Your goal →
From the entries that follow, copy exactly the lines beginning at the line holding "126 12 Ave, Mount" and continuing through the line holding "locale di sgombero".

►

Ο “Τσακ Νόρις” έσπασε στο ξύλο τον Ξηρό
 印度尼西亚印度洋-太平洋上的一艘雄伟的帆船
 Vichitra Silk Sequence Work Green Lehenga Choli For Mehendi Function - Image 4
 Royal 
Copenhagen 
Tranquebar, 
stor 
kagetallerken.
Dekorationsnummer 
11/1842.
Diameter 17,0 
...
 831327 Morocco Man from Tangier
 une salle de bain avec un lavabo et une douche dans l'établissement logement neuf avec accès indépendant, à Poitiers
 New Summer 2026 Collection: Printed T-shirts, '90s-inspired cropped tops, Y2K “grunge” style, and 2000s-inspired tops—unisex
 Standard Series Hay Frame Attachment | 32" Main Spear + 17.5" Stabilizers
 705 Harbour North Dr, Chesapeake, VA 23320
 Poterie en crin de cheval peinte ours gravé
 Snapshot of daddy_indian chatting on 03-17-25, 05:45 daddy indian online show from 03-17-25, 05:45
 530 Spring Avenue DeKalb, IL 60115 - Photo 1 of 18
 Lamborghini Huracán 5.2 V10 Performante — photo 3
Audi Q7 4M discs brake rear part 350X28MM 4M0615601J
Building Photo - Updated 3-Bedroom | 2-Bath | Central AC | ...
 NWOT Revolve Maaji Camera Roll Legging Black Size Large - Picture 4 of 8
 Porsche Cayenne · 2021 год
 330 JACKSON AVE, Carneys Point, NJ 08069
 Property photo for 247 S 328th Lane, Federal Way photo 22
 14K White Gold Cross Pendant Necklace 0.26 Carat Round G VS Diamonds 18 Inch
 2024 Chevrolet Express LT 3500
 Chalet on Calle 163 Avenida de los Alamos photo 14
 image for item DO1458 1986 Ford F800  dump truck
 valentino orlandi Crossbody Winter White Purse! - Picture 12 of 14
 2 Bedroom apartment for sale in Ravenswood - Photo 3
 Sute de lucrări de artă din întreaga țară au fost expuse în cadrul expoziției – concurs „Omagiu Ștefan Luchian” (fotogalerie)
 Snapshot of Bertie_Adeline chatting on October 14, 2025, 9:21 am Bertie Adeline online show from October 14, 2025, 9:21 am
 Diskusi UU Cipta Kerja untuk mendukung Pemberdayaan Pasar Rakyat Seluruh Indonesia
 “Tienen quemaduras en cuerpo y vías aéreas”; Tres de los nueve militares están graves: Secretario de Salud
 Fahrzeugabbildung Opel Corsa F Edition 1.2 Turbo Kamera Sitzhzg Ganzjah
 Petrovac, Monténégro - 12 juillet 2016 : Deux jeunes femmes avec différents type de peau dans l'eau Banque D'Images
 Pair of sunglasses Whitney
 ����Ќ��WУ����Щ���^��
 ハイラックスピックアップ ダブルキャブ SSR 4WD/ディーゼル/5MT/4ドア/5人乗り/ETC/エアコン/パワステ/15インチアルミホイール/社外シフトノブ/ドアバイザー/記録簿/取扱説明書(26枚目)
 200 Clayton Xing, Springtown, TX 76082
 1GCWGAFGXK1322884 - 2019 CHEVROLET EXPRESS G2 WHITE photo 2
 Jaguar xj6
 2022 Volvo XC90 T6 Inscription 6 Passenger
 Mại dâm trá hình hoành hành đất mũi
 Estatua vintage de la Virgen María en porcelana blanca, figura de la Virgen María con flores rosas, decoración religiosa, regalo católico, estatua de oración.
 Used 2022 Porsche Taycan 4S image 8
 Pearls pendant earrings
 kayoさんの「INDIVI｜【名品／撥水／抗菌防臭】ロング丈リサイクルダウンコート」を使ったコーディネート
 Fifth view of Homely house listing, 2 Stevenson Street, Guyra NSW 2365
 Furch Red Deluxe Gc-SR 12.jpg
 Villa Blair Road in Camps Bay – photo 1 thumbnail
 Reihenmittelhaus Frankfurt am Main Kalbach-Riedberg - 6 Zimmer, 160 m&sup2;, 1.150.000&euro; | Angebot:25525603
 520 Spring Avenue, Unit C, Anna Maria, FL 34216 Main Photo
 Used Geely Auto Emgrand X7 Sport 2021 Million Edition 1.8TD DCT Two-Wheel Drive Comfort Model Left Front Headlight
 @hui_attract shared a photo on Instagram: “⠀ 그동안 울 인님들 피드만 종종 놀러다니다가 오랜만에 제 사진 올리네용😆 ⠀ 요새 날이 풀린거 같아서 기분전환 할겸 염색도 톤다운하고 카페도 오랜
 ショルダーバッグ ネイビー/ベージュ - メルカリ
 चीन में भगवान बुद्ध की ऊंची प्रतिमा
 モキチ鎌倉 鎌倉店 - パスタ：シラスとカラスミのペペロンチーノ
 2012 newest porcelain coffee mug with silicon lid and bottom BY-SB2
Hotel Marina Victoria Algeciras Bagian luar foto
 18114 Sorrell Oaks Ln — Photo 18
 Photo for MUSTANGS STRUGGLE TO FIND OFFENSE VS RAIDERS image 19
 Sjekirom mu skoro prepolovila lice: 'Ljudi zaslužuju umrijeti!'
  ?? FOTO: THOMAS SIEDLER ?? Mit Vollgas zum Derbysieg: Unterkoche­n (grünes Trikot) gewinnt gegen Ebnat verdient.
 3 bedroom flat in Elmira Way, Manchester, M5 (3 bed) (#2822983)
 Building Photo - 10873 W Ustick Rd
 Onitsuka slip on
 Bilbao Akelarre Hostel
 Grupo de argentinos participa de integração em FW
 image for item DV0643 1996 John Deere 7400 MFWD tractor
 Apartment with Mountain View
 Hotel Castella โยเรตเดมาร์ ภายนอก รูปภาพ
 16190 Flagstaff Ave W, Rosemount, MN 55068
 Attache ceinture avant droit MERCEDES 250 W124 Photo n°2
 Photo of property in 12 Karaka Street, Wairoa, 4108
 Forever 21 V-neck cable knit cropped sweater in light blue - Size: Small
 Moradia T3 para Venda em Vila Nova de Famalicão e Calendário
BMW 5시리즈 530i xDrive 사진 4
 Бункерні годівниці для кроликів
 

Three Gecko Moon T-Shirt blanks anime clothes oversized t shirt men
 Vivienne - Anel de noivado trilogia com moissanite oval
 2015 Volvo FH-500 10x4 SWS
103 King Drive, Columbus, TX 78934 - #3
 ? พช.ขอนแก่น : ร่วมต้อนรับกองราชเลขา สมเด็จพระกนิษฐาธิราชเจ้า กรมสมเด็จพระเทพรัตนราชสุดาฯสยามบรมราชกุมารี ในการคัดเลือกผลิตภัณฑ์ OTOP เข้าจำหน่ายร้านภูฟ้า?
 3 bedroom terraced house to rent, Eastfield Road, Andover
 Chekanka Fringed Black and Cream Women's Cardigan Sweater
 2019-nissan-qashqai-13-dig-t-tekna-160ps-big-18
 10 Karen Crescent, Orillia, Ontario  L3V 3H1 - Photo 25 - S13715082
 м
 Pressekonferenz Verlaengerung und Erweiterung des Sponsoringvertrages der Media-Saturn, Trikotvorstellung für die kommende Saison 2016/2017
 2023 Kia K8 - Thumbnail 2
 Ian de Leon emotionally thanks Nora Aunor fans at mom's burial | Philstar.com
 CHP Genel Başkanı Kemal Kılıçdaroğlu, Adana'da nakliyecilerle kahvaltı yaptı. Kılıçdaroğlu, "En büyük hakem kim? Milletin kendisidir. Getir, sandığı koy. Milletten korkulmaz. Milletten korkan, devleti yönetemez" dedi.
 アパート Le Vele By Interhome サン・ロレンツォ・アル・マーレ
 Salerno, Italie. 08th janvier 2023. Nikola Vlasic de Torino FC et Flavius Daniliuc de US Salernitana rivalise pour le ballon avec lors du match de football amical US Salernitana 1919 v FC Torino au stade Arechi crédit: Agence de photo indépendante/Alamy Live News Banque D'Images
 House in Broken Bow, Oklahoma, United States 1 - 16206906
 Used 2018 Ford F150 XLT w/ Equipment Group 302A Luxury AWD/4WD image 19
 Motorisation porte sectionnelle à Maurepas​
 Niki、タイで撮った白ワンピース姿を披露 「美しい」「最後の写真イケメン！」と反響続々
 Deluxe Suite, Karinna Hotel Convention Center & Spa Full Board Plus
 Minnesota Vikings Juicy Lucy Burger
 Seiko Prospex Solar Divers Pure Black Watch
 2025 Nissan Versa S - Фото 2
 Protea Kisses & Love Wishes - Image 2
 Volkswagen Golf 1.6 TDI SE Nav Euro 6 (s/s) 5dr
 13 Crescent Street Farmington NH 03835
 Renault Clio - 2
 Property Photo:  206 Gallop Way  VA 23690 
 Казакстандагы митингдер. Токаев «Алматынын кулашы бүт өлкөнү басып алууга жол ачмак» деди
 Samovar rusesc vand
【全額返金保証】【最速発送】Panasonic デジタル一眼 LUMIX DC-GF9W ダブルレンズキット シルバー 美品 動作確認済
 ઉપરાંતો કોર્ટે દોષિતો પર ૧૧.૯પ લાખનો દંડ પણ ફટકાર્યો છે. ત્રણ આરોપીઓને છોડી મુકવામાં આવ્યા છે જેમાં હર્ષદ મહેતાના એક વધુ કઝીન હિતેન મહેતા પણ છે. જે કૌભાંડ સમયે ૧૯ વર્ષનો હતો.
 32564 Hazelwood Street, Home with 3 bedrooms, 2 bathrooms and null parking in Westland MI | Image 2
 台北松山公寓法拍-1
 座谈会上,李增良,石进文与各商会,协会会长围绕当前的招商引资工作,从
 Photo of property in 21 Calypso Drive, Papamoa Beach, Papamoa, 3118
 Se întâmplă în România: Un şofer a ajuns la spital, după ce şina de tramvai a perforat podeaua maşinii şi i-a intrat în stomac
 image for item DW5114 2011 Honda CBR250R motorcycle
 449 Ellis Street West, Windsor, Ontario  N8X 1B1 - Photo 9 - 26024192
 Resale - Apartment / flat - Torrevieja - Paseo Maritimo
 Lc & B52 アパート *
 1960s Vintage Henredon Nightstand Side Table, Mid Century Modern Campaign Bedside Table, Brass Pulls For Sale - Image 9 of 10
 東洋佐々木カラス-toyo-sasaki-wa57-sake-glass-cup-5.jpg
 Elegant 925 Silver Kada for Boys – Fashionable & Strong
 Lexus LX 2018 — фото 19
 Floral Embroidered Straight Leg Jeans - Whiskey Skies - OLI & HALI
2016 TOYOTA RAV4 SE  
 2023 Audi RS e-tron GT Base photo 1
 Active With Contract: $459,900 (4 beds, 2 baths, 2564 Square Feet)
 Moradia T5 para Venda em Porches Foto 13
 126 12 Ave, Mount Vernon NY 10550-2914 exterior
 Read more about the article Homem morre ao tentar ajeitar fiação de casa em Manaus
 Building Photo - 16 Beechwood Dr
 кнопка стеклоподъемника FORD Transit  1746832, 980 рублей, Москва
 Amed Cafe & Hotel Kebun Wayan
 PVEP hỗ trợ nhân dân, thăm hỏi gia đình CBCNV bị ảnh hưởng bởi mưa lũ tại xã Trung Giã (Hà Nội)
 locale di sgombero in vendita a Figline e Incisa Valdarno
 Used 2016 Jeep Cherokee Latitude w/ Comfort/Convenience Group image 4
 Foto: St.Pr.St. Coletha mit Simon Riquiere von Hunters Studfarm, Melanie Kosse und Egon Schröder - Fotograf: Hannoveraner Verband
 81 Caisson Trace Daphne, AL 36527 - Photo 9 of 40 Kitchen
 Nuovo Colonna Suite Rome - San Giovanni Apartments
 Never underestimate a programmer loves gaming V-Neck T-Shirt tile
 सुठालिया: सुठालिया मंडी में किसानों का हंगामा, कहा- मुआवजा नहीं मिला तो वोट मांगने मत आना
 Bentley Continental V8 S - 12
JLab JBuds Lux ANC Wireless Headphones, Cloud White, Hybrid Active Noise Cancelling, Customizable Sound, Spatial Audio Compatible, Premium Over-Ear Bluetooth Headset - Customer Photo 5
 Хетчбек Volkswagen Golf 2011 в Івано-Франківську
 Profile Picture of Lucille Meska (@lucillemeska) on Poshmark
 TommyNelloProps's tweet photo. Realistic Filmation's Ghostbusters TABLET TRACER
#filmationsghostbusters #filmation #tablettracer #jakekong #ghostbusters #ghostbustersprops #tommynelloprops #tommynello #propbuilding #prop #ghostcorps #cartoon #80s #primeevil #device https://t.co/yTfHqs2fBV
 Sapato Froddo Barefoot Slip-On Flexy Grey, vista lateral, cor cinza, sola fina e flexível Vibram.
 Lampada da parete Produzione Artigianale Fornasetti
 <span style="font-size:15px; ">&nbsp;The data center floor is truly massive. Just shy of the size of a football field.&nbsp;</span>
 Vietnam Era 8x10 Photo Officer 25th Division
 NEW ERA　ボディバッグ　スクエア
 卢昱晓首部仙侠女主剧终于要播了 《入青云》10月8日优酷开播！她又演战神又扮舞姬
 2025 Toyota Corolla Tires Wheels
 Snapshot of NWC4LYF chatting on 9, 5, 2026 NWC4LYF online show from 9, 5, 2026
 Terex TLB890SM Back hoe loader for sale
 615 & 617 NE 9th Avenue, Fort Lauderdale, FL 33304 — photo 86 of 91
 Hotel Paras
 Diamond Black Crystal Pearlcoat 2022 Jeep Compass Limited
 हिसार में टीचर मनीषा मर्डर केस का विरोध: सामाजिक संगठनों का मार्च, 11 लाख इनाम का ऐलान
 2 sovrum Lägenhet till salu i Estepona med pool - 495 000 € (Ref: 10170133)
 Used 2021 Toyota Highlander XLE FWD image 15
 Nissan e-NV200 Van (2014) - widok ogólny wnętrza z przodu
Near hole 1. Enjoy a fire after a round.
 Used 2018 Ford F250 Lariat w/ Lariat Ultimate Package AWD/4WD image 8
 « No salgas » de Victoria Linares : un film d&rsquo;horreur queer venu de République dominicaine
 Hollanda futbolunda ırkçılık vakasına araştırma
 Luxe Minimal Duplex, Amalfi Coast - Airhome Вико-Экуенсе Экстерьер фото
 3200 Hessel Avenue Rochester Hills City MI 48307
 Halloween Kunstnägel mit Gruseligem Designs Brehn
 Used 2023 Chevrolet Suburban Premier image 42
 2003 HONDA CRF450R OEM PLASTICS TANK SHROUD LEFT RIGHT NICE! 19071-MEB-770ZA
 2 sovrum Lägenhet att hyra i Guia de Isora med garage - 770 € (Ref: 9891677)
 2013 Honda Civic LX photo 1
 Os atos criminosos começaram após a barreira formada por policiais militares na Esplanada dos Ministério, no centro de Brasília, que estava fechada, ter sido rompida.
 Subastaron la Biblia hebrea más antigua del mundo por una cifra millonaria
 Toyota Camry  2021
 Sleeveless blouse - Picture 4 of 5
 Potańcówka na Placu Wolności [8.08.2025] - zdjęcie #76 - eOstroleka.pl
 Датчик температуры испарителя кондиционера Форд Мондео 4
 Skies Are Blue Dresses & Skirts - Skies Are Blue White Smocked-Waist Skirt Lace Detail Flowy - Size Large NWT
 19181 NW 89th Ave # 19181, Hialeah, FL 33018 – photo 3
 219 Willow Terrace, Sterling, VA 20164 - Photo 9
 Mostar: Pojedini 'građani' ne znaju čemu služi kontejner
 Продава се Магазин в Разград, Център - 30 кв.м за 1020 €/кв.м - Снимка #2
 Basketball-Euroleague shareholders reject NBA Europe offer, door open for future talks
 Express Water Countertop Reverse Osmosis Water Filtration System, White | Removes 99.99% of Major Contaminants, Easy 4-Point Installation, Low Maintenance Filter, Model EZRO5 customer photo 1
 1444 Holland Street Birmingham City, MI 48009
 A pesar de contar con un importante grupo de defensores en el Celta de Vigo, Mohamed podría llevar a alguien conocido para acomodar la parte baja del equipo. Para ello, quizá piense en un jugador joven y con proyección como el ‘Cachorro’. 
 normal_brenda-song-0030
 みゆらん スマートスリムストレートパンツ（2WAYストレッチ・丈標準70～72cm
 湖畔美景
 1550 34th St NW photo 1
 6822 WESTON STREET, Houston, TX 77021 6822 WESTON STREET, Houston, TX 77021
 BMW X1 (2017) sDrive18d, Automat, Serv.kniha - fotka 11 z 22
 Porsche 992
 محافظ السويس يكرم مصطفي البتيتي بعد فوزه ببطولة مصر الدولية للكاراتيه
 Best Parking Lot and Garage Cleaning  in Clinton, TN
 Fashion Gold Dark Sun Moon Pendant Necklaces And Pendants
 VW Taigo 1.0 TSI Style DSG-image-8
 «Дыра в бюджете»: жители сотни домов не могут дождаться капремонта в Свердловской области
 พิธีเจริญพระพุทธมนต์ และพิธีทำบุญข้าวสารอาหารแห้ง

◄

Expected answer →
 126 12 Ave, Mount Vernon NY 10550-2914 exterior
 Read more about the article Homem morre ao tentar ajeitar fiação de casa em Manaus
 Building Photo - 16 Beechwood Dr
 кнопка стеклоподъемника FORD Transit  1746832, 980 рублей, Москва
 Amed Cafe & Hotel Kebun Wayan
 PVEP hỗ trợ nhân dân, thăm hỏi gia đình CBCNV bị ảnh hưởng bởi mưa lũ tại xã Trung Giã (Hà Nội)
 locale di sgombero in vendita a Figline e Incisa Valdarno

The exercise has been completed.